Les initiatives semblables à celles de I&P Dev se sont multipliées ces dernières années. Proparco a ainsi créé un Fonds d’investissement de soutien aux entreprises en Afrique (Fisea), qui intervient pour des investissements compris entre 1 million et 10 millions d’euros, soit par des prises de participation dans des entreprises, soit à travers le financement de banques ou d’institutions de microcrédit. De leur côté, des fonds comme Emerging Capital Partners, Actis ou Aureos Capital, dont les investissements se chiffrent en général à une dizaine de millions d’euros, ont multiplié les levées de capitaux destinées à l’Afrique subsaharienne.

« Au Maroc, les banques referment les robinets »
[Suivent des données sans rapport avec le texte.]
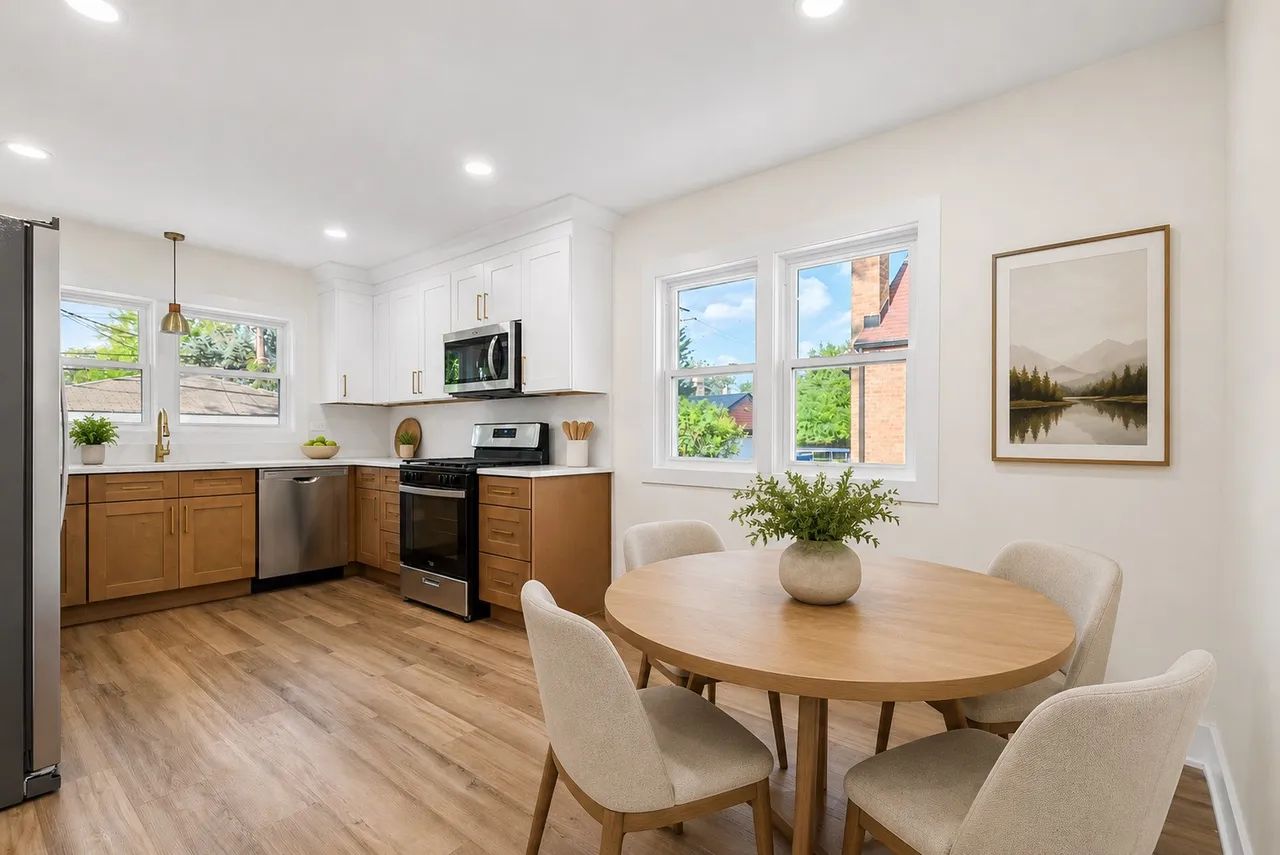 Kitchen, Oak Lawn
« Quand la croissance du pays frôlait les 6 % à 7 %, les banques avaient ouvert les robinets en faveur des PME », se rappelle Salah Eddine Kadmiri, PDG de Schiele Maroc et vice-président de la Confédération générale des entreprises du Maroc (CGEM) depuis le 16 mai. Mais, selon lui, la crise a compliqué la situation. « Nous avons travaillé avec le gouvernement pour adopter une loi allongeant les délais de paiement des fournisseurs de deux à trois mois. Les entreprises ont retrouvé une trésorerie moins tendue », explique-t-il. S’il remarque l’arrivée en force des sociétés de capital-investis-sement, il souligne aussi que « les entreprises marocaines n’en ont pas encore l’habitude et [que] le crédit bancaire reste leur mode de financement préféré ». Le patronat travaille en outre avec la Caisse centrale de garantie, une institution publique, pour qu’elle couvre une partie des risques et permette ainsi aux banques de prêter aux PME. S.B.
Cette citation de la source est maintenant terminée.